The project was plagued with problems throughout construction, including location, welding, cabling, pipes and valves, permits, and kickbacks, as well as setbacks such as the decline of Marcos's influence and the incident at the Three Mile Island nuclear reactor. By March 1975, Westinghouse's cost estimate ballooned to US$1.2 billion without much explanation. The final cost was $2.2 billion for a single reactor producing half the power of the original proposal. Many problems identified in earlier stages remained throughout construction, as reported by inspectors though denied by Westinghouse. To provide context, the Philippine economy in 1976 only had a GDP of US$17 billion and a government budget of US$1.5 billion, as such the burden to the economy for one single project was deemed too heavy.
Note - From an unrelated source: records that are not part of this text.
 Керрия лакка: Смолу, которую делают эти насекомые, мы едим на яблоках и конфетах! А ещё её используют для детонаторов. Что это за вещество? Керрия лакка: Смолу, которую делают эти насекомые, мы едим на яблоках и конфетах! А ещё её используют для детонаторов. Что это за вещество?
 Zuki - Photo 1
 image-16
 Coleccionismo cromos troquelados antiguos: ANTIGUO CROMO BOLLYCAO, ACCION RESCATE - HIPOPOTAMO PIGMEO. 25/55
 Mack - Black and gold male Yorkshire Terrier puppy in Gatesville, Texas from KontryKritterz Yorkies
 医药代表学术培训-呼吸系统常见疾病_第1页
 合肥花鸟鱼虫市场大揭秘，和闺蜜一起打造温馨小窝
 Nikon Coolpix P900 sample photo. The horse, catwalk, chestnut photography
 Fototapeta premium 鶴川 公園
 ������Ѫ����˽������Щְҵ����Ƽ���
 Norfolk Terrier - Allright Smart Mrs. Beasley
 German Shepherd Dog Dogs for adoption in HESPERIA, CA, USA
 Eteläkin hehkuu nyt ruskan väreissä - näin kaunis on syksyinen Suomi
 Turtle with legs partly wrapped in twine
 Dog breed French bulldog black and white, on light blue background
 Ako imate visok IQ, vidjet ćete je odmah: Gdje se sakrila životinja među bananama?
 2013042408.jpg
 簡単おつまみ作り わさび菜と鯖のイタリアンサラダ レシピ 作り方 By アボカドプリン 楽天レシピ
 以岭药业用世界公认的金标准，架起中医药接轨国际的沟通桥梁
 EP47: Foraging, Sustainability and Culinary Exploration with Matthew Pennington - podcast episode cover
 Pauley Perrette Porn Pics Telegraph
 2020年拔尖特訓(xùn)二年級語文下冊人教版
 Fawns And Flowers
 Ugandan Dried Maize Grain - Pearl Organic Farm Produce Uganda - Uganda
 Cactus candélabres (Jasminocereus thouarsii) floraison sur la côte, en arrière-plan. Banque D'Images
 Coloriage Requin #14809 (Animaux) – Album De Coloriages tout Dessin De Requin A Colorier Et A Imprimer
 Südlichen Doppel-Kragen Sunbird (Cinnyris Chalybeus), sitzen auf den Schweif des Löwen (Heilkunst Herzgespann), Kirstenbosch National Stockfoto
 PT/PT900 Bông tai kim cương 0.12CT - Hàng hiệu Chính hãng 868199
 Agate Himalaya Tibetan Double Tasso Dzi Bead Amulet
The BNPP would be responsible to 10% of the country's external debt.

The PCGG would later order Marcos crony Herminio Disini to return US$50.6 million in commissions he earned from the deal. Marcos on the other hand received US$80 million in kickback from the project. The Office of the Solicitor General would also file that Marcos return PHP22.2 billion to the government for his conspiracy with Disini to defraud the government. In 2021, the Supreme Court of the Philippines would order Disini, through his estate, to pay back the government over PHP1 billion in damages, affirming a 2012 Sandiganbayan decision.

Construction 
Construction on the Bataan Nuclear Power Plant began in 1976. Following the 1979 Three Mile Island accident in the United States, construction on the BNPP was stopped, and a subsequent safety inquiry into the plant revealed over 4,000 defects. Among the issues raised was that it was built near a major geological fault line and close to the then dormant Mount Pinatubo.

By 1984, when the BNPP was nearly complete, its cost had reached US$2.3 billion. Equipped with a Westinghouse light water reactor, it was designed to produce 621 megawatts of electricity.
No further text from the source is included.